辺り一面、土壁で覆われて奥にはニワの部屋で見たことのある大きなモニターがある、その前に30センチくらいの土っぽい人形がぷかぷか浮いている。
その人形の気配はどこかニワに似ていて……たぶん弱い。どこの迷宮主も主自身は強くないのだろうか?
と、つい余計なことを考えてしまう。
その人形が俺の気配に気づいたのだろう、振り返ると、焦る素ぶりをみせることなく、俺をジーっと見つめている。
――……土偶か。
迷宮の名前からして予想していたが、振り返ったその姿はまさに土偶だ。表情なんてない。
その無表情の土人形が、ぷかぷか浮かびながらこちらに向かってくる。
俺も、ニワのハニワを見ていたので今さら驚くこともない、人化を解き悪魔の姿を晒しその土人形に歩み寄った。
「ドの迷宮主のグウであってるか?」
「……グウはグウ」
その土人形が俺の問いに少し間を開けながらも、身体全体を使って肯定の意思を伝えてきた。
「おまえが、悪魔のクロー?」
見た目に反して子どもっぽく可愛らしい声は覇気がないものの、身体全体を傾けつつ俺に尋ね返してきた。
ニワのハニワ姿とそう変わらない土偶のグウは、身体に関節なんて見当たらないので、身体の傾け具合からも、本人は首を傾げているつもりなのだろう。
「ああ、俺はクロー。悪魔のクローだ。それで、悪魔の俺に話とはなんだ?」
「うん。
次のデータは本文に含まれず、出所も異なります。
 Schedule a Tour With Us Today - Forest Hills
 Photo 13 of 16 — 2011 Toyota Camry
あれ……」
そう言ったグウは大きなモニターの方に身体ごと向き直ると、モニターの画面をいくつにも分割させた。
「みて」
土でできた指示棒を創り出したグウが、その指示棒を操り画面の方を指した。
「ん?」
画面一つ一つには、迷宮内それぞれ別々の場所を映し出しているようだが、そのすべての画面には思わず眉を顰めてしまう異形な存在を映し出していた。
「……困ってる」
「こいつら……悪魔か!?」
そう、すべての画面には、俺が今まで見たこともない、全身が赤黒く脈打つ異形な姿をした悪魔を映し出していた。
グウはコクリと頷くように身体全体で肯定してみせる。
「こいつら……」
――ぅげっ!
「喰ってやがる」
その映し出された異形な悪魔たちは、ハンターらしき物体や、迷宮の魔物らしき物体を獣のように貪り喰らっていた。
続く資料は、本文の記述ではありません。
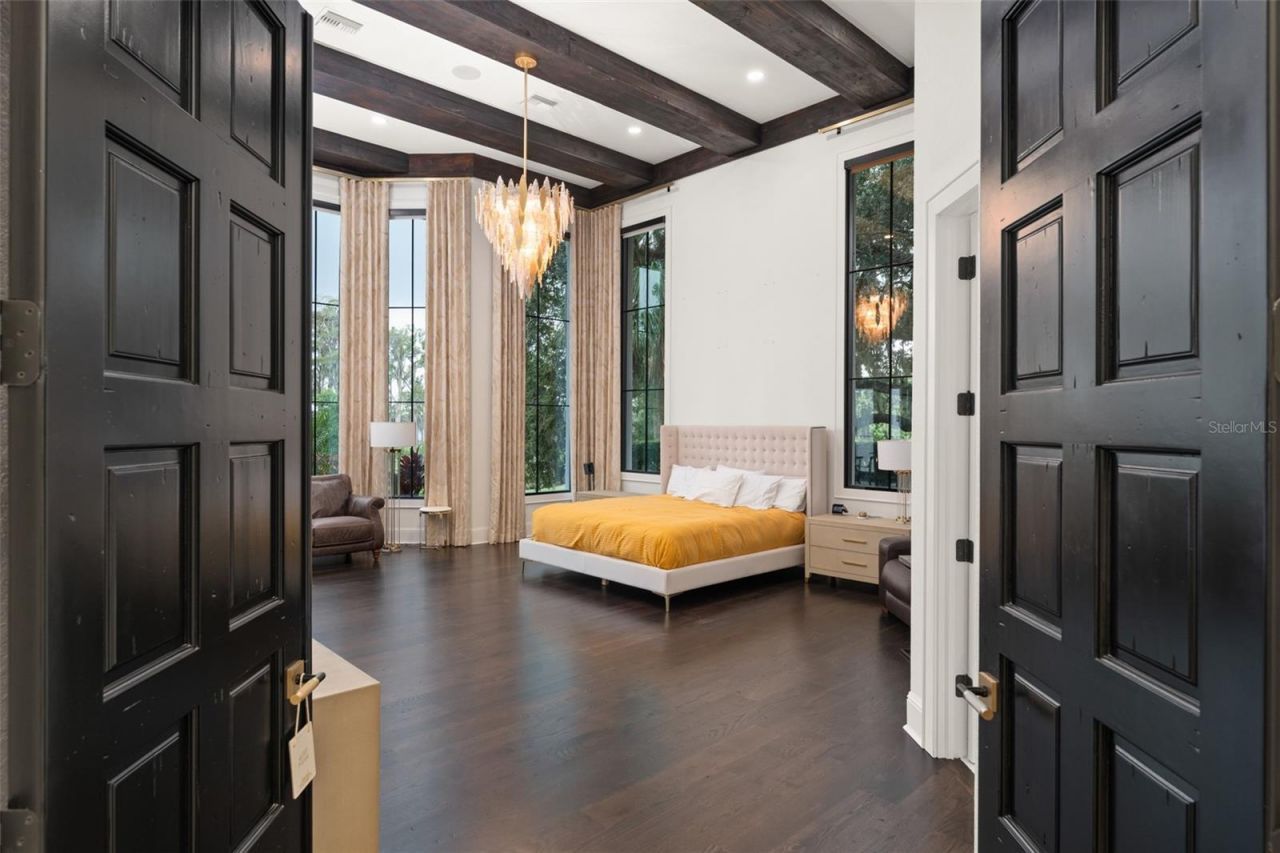 5243 Isleworth Country Club Drive, Windermere, FL 34786 Photo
まるで何かに取り憑かれたように夢中で喰らっている。とても理性のあった悪魔の行動とは思えない。
そりゃあ、中には狂ったように血肉を貪り食べる奴はいるかもしれないが、あくまでも対価として血肉を求めた結果だ。感情値にもなるし、知性のかけらを微塵も感じさせないこいつらと違う。
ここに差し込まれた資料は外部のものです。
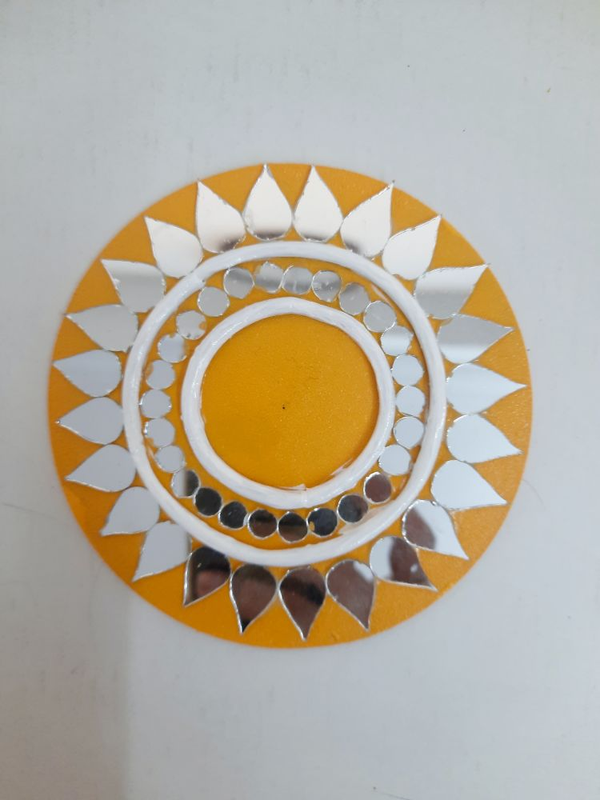 20230110152013_87e7d7f0-9c5a-4942-b54e-e2516bbad284-4x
魔物だってそうだ。生のまま喰らいついて食べる、そんな習慣は悪魔でもない。
――……あり得ない。
俺は意図せず首を振った。
――ん!?
【いや〜、やられたよ】
そんな悪魔の囁きとともに周りの空間が色あせていく。すべての音が止み、動きが止まる。俺は身体、指一本すら動かすことができなくなった。
――……囁き、か……これはどういうことだ?
【くっくっく、すごいだろ。あ〜、それより今は邪魔だ。邪魔神が僕の悪魔界域に干渉してきたんだよ】
――邪魔……神が干渉?
【そうだよ。舐められたもんだ。僕が気づかないとでも思ったのかね。あ、ちなみにボクも神だよ。もう分かってたでしょ?】
――……
【あれれ、もしかして気づいてなかった……今だって時間止めてるでしょ?】
俺は思わず天を仰いだ。と言っても身体は動かないので気分だけ……
俺としては、神に近い存在だろうと当たりをつけていたけど……なんてこった。
この悪魔界のトップだ。納得する部分もあるが、なぜそんな奴が俺個人に囁いているんだよ。
色々尋ねたい衝動が湧き上がるが墓穴を掘りそうなので敢えてスルーすることにした。
【くっくっく、反応なし? まあ、いいや。それで、そいつらはいいように利用された成れの果てなんだよね。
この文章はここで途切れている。